_Exercise prompt:_ Exactly the lines from the one containing "GAP Red Kids Платья" through the one containing "Cool Small Tattoo" in the listing below are to be copied, with the pictures left out.

_Data to use:_
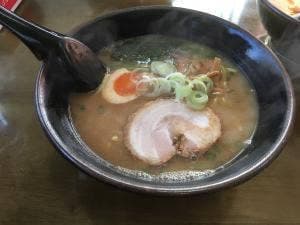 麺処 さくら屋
---
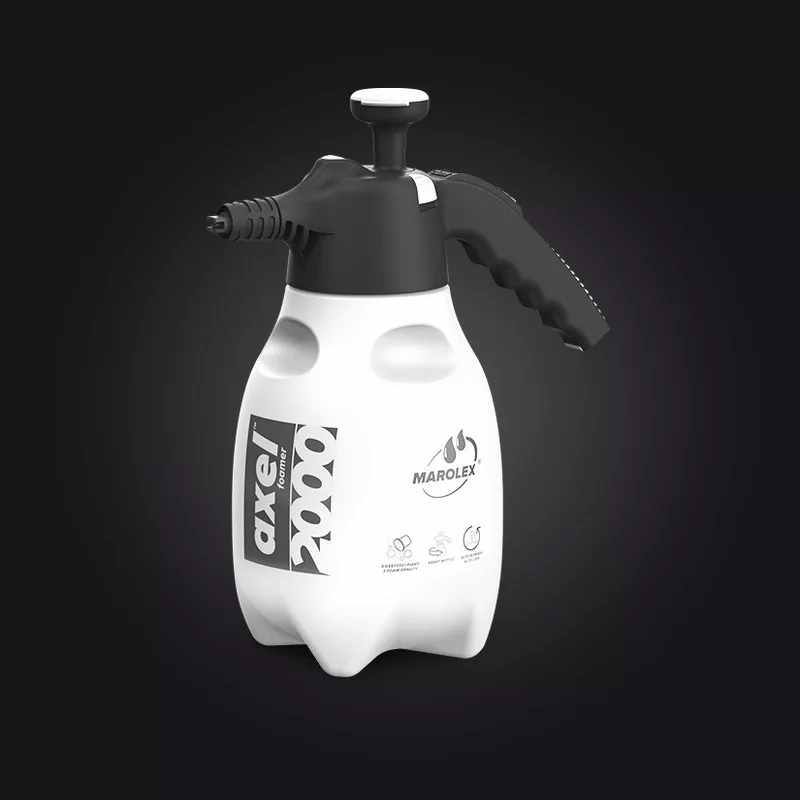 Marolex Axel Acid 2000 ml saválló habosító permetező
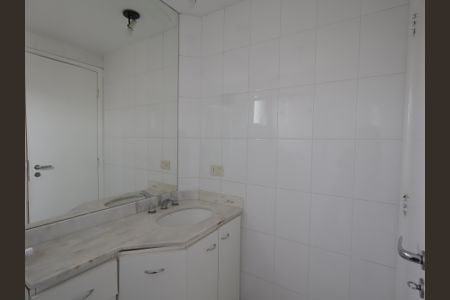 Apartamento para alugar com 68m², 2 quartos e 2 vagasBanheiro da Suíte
--
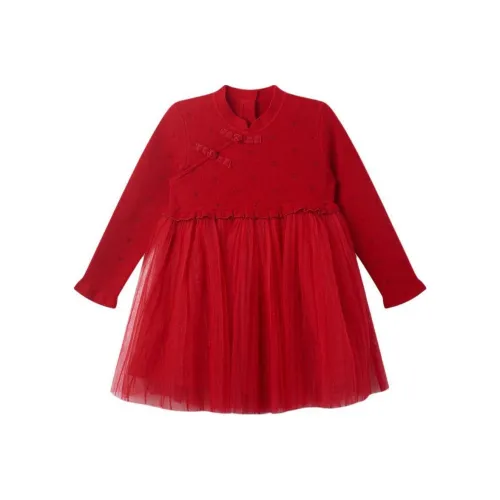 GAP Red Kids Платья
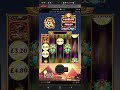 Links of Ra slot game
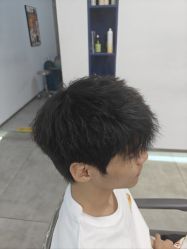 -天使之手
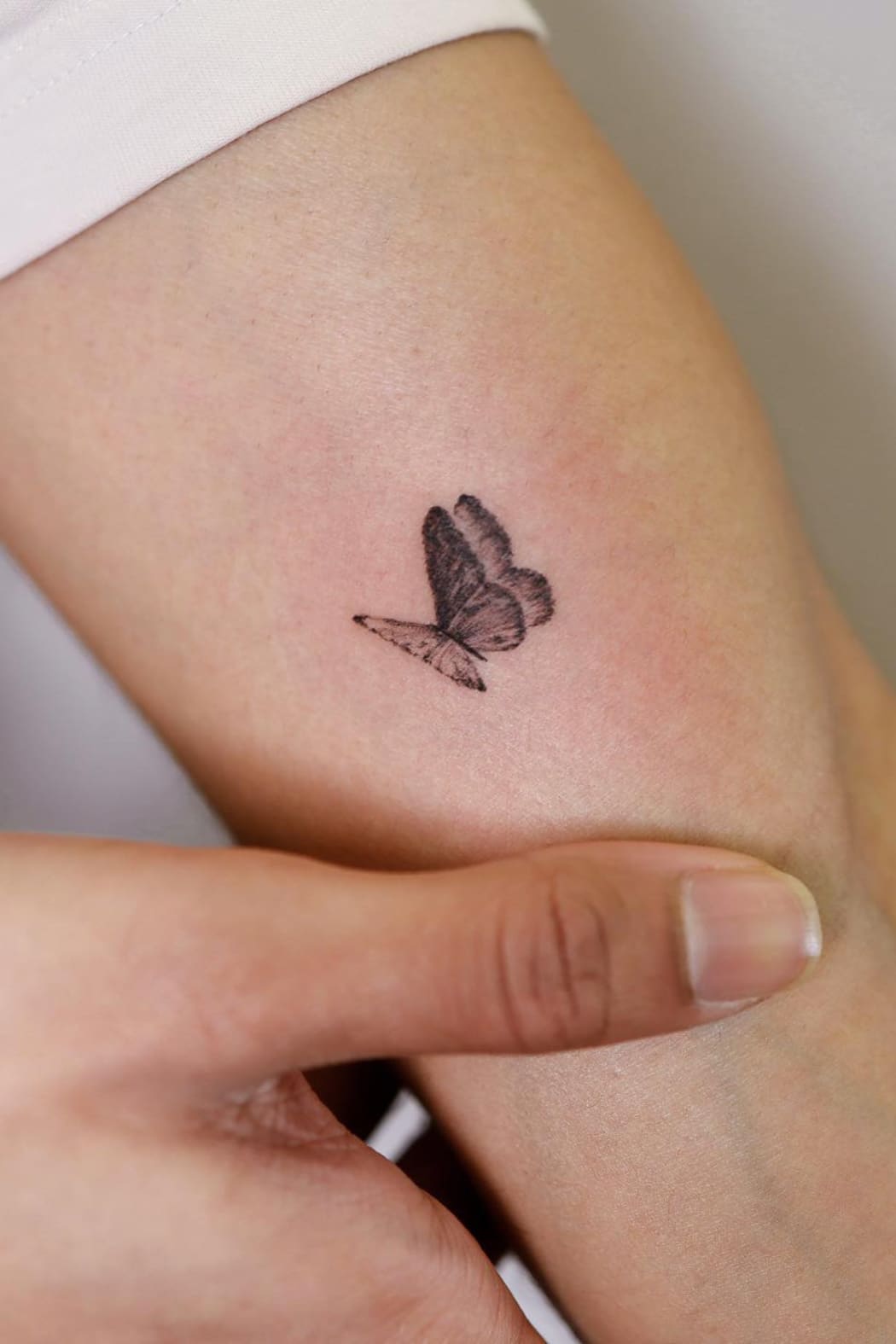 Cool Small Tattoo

_Answer to this problem:_
 GAP Red Kids Платья
 Links of Ra slot game
 -天使之手
 Cool Small Tattoo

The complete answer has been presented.